While studying geometry, I came to know that a projective space (of dimension n associated to a vector space over a field K) can be seen as an affine space (of the same dimension and on the same field) extended with points at infinity. This extension perspective also pertains morphisms since, fixing an appropriate identification of the affine space into the projective one, affinities of the former can be viewed as special projectivities of the latter.
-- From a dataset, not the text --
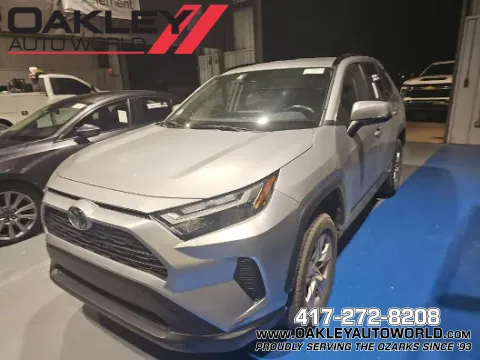 Silver 2025 Toyota RAV4 XLE for sale in Branson West, MO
I am aware of the existence of category theory which can formalise similar interplays. Is there an interpretation of this case? More generally, I wonder to know (by willing scholars more advanced than me) if there exists an appropriate higher standpoint in which this relation can be interpreted.
Thank you.
Here's how I think rather concretely of projective versus affine spaces.
You start with the category of vector spaces, where the morphisms are linear isomorphisms.
The projective space associated with a vector space $V$ is the set $\newcommand\P{\mathbb{P}}$$\P V$ of $1$-dimensional subspaces. Projective transformations are maps naturally induced by linear isomorphisms. Any linear isomorphism $L: V \rightarrow W$ induces a map $$[L]: \P V \rightarrow \P W,$$ where for each $\ell \in \P V$, $$[L](\ell) = L(\ell).$$
To make this abstract, we can say that $\P$ is a projective space if there exists a vector space $V$ such that $\P = \P V$ and $F: \P \rightarrow \mathbb{Q}$ is a projective transformation if $\P = \P V$, $\mathbb Q = \P W$, and there exists a linear isomorphism $L: V \rightarrow W$ such that $F = [L]$.
This defines a functor from the category of vector spaces to the cateogry of projective spaces, where all morphisms are bijective.
An affine space arises as an affine hyperplane of a vector space. In other words, $\newcommand\A{\mathbb{A}}$$\A$ is an affine space if there exists a vector space $V$ and nonzero $\xi \in V^*$ such that $$\A = \xi^{-1}(1). $$ There is a natural injective map \begin{align*} \A &\rightarrow \P V\\ v &\mapsto [v], \end{align*} where $[v]$ is the $1$-dimensional subspace containing $v$. A map $\A_1 \rightarrow \A_2$ is an affine trasnformation if it is the restriction of a projective transformation $$[L]: \P V_1 \rightarrow \P V_2.$$
The complement $\P V\backslash \A$ is called the hyperplane at infinity. Given the definition above of an affine space, there is a unique way to extend $\A$ to an isomorphism class of projective spaces. That's what is meant by projectivizing $\A$ by adding the hyperplane at infinity. Also, any affine transformation has a unique extension to a projective transformation.